Supplied material

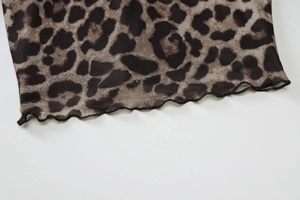 Détail du tissu en maille léopard avec ourlet ondulé élégant en gros plan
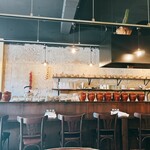 二十一味家 - 上の段の小瓶を数えたら、二十一個でした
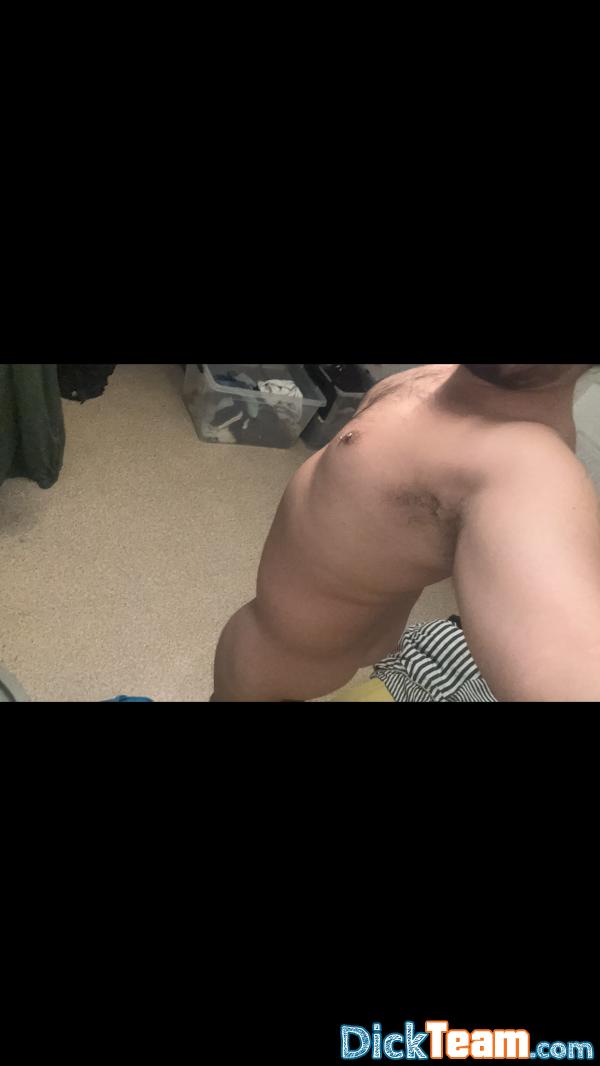 mxme - Homme - Gay - 25 ans : je nude que avec tête sinon m’ajoute pas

What you have to do
Could you set down, exactly as written, every line from the one with "二十一味家 - 上の段の小瓶を数えたら、二十一個でした" to the end of the data, both ends included? Leave out the pictures.

Written response
 二十一味家 - 上の段の小瓶を数えたら、二十一個でした
 mxme - Homme - Gay - 25 ans : je nude que avec tête sinon m’ajoute pas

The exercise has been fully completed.